Assignment
Quote exactly the lines from the one with "2011 GMC Acadia SLT-1" to the end of the data, both included; omit the pictures.
++++ Record extracts ++++
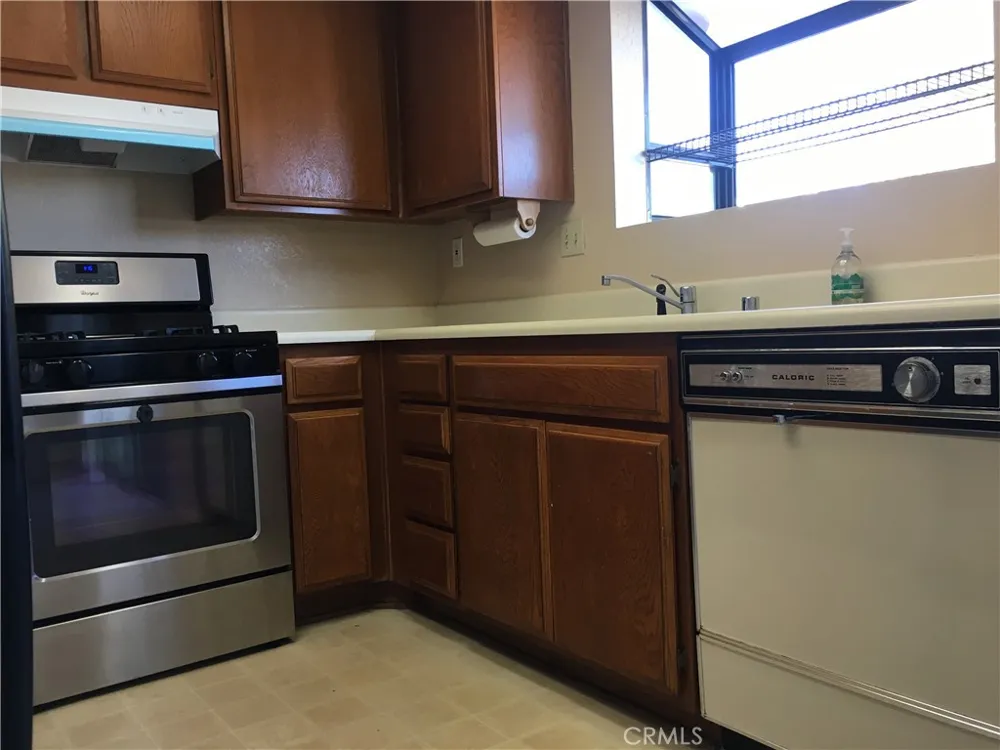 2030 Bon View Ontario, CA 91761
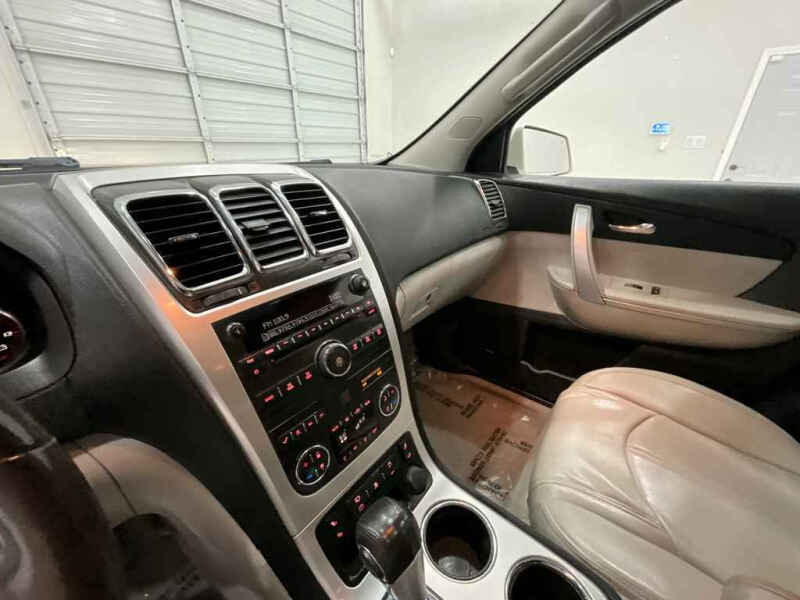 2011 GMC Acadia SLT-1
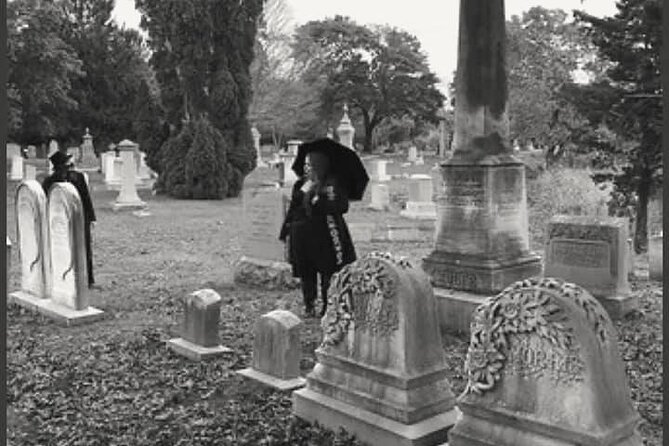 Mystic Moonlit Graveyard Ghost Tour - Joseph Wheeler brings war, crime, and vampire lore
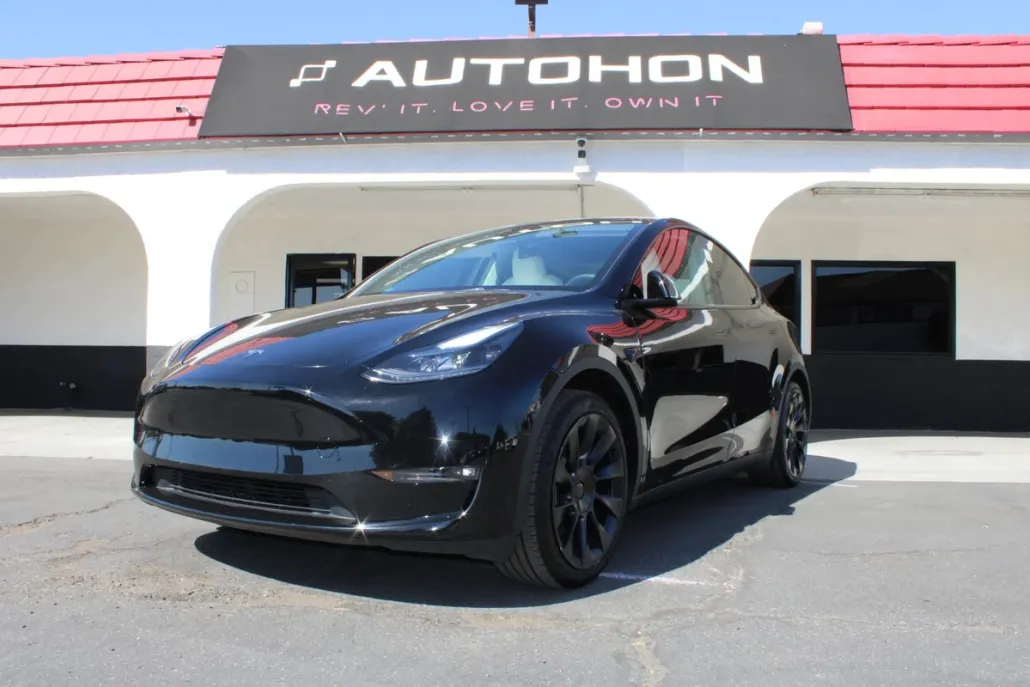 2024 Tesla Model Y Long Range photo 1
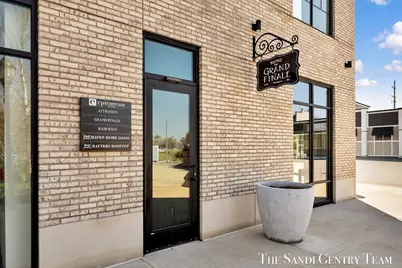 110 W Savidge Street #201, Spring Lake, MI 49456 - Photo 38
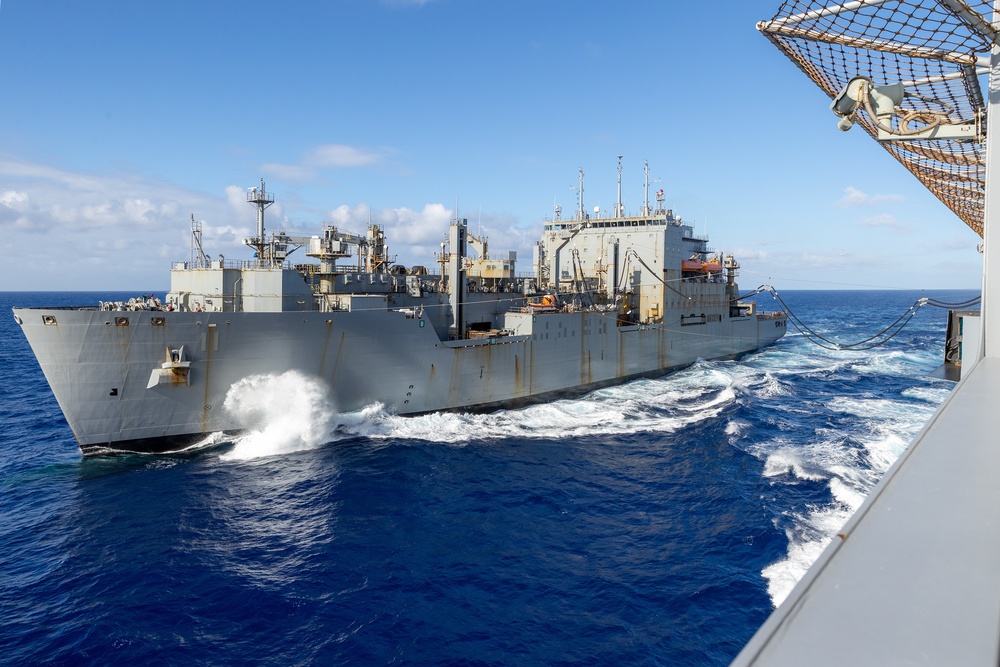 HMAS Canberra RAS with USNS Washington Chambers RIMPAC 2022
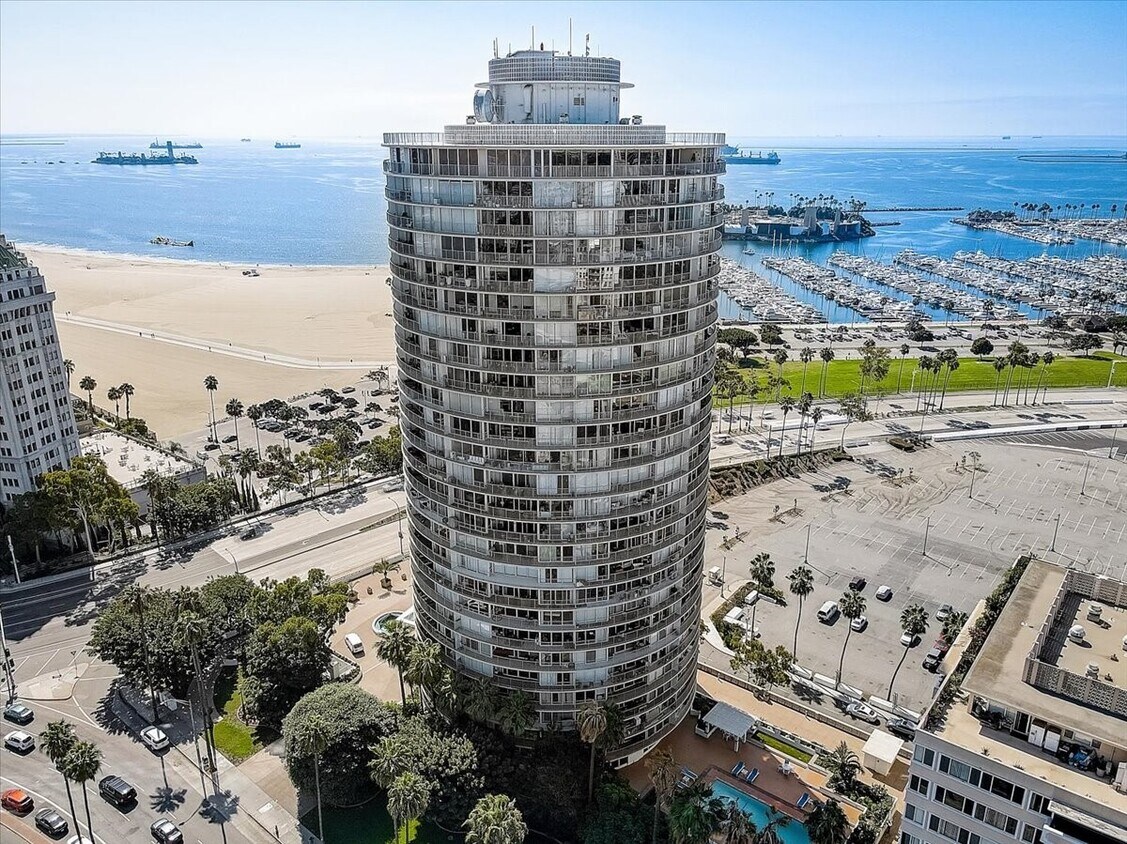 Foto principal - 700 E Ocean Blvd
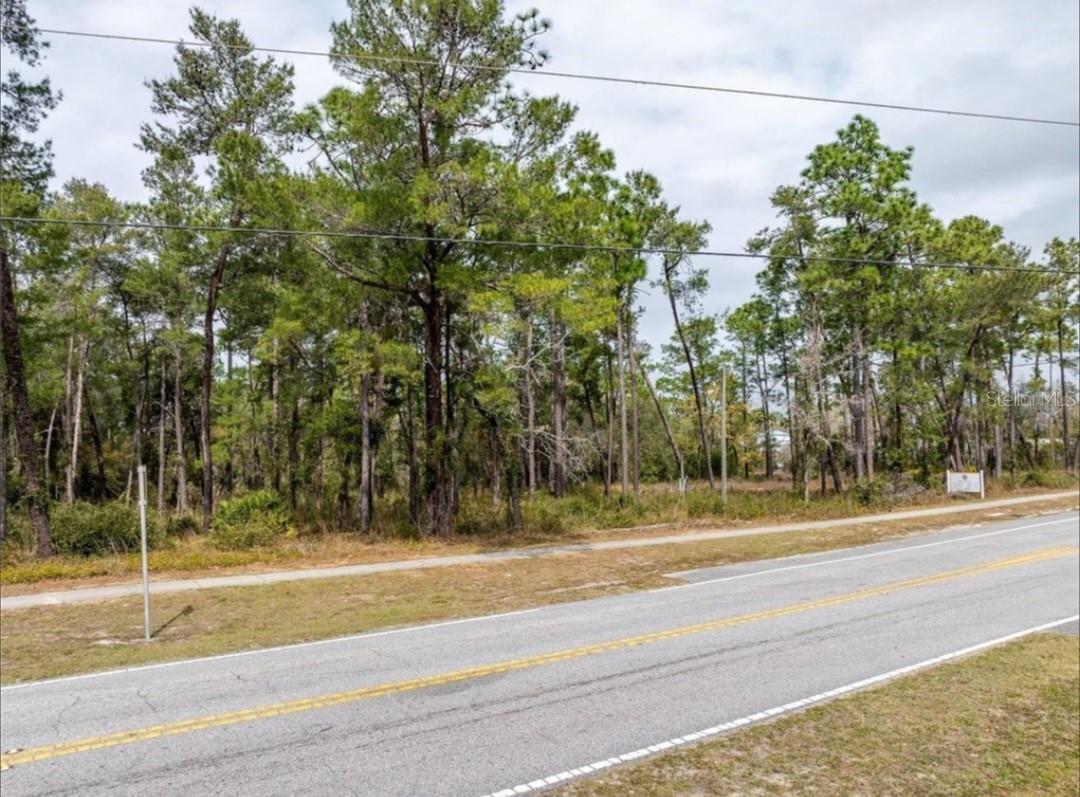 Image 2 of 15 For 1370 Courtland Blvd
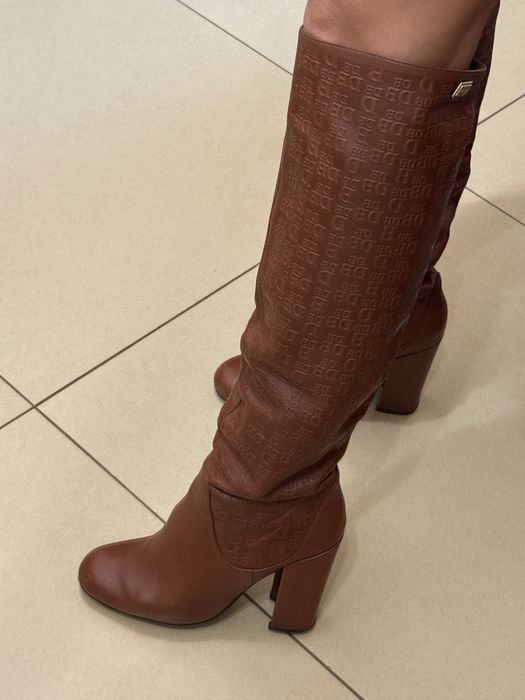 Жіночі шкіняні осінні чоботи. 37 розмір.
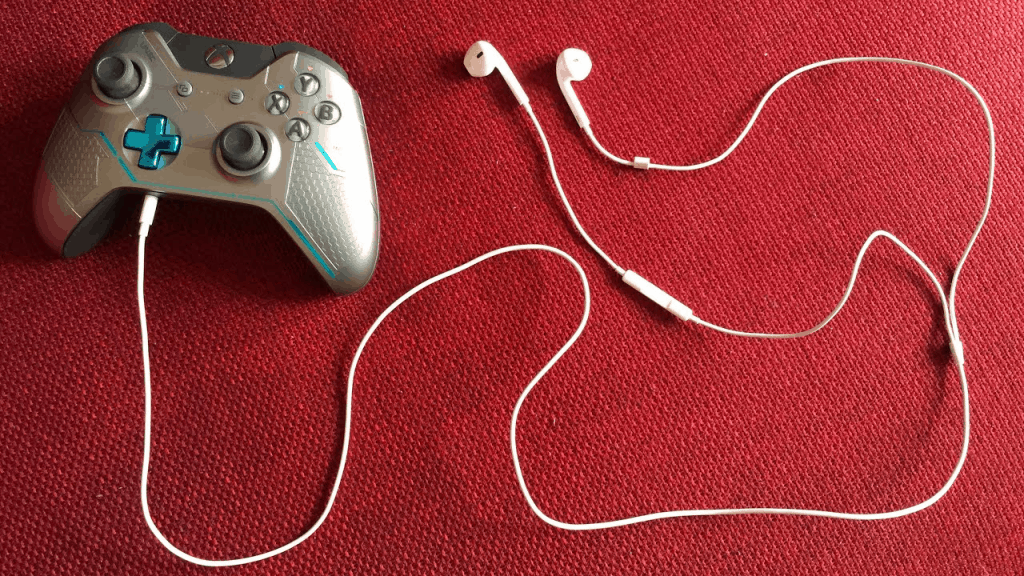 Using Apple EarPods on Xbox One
++++
Task output
 2011 GMC Acadia SLT-1
 Mystic Moonlit Graveyard Ghost Tour - Joseph Wheeler brings war, crime, and vampire lore
 2024 Tesla Model Y Long Range photo 1
 110 W Savidge Street #201, Spring Lake, MI 49456 - Photo 38
 HMAS Canberra RAS with USNS Washington Chambers RIMPAC 2022
 Foto principal - 700 E Ocean Blvd
 Image 2 of 15 For 1370 Courtland Blvd
 Жіночі шкіняні осінні чоботи. 37 розмір.
 Using Apple EarPods on Xbox One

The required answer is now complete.